The Cross

 

Ambon Berdarah On-Line
News & Pictures About Ambon/Maluku Tragedy

 

 


 

 

 

SUARA PEMBARUAN DAILY


SUARA PEMBARUAN DAILY, 23/10/03

Dua Tahun Deklarasi Malino untuk Poso, Apa Langkah Selanjutnya?

Oleh S Pelima

Harus diakui bahwa Forum Malino 19-20 Desember 2001 di Malino, Sulawesi Selatan, yang menghasilkan Penandatanganan Deklarasi Malino untuk Perdamaian Poso antara Kelompok Masyarakat Muslim dan Kristen yang terlibat langsung dalam konflik horizontal, sesungguhnya mempunyai arti yang sangat penting bagi perdamaian Poso, bahkan sampai hari ini. Mengapa?

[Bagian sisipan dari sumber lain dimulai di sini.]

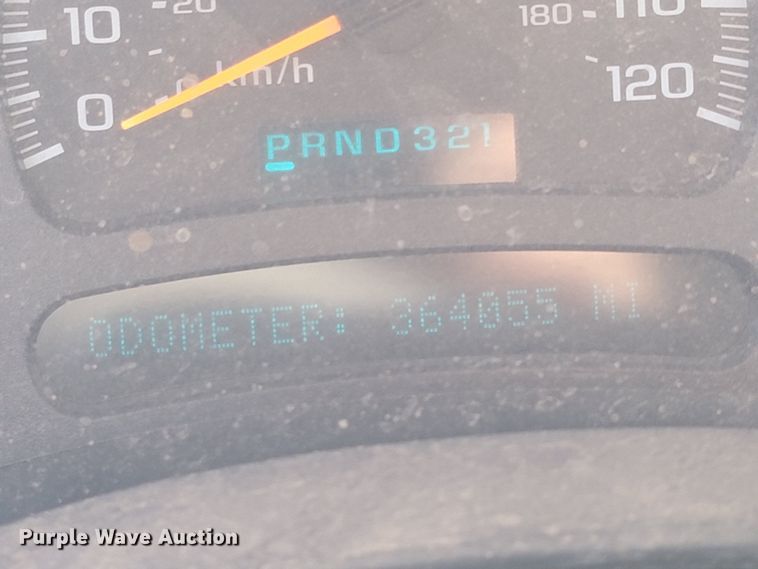 image for item ML9384 2005 Chevrolet Silverado 2500HD  Ext. Cab pickup truck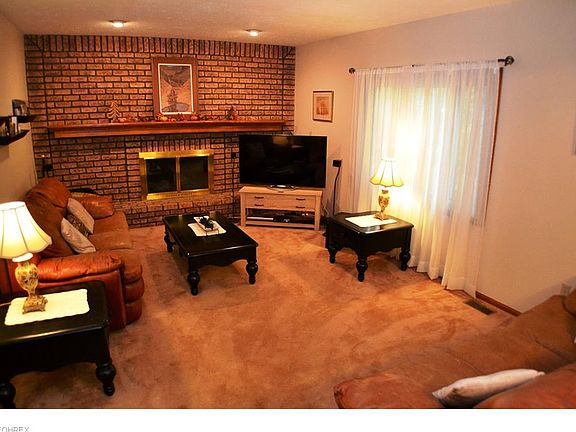 5th image of 3040 Stoney Creek Dr
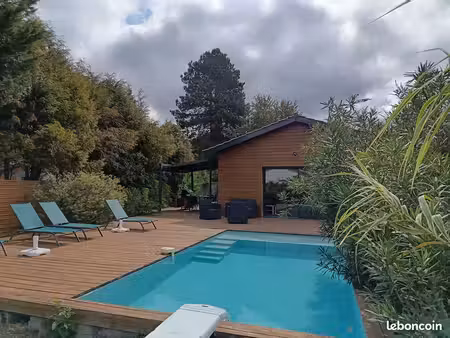 maison meublée 70m²  clim  piscine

Karena dokumen kesepakatan damai itu telah menjadi landasan bersama untuk pertama kali sejak pecahnya konflik Poso Desember 1998, dalam meretas jalan dan suasana damai di antara kedua komunitas yang terlibat konflik. Meskipun setelah penandatanganan Deklarasi Malino, lalu akhir Desember 2001 telah terjadi pengeboman di depan Gereja di Palu dan kemudian disusul oleh rangkaian pengeboman dan penembakan.

Peristiwanya sudah cukup banyak. Antara lain, penembakan bus umum jurusan Palu-Tentena di daerah Poso Pesisir, disusul serangkaian penyerangan bersenjata (organik), pengeboman, pembakaran rumah tinggal dan beberapa rumah ibadah pada beberapa desa di daerah Poso Pesisir; Tojo Lage; Pendolo; perbatasan Sulawesi Selatan; daerah sekitar Peleru; Mayumba, Mori Atas, Kabupaten Morowali selang tahun 2002 termasuk memusnahkan rumah penduduk sederhana dan rumah ibadah yang dibangun kembali atas bantuan pemerintah.

Menyisakan Luka

Peristiwa itu semua menyisakan luka akibat banyaknya penduduk yang tewas di samping yang mengalami luka berat dan ringan. Bahkan seorang touris warga Italia yang meninggal dalam penyerangan bus umum di daerah Pendolo. Banyak lagi bentuk insiden, tapi tidak sempat disebut di sini.

Pada hemat kami semua rangkaian tragedi itu bukanlah pertanda bahwa "Deklarasi Malino untuk Poso" telah tidak berarti dalam memperdamaikan masyarakat seperti kata banyak orang, termasuk beberapa petinggi di Jakarta. Sesungguhnya letak permasalahan karena tindak lanjut yang tidak tuntas atas semangat perdamaian yang terkandung dalam Deklarasi Malino, terutama sekali pola pengamanan selama ini di daerah konflik yang terlihat kurang proaktif.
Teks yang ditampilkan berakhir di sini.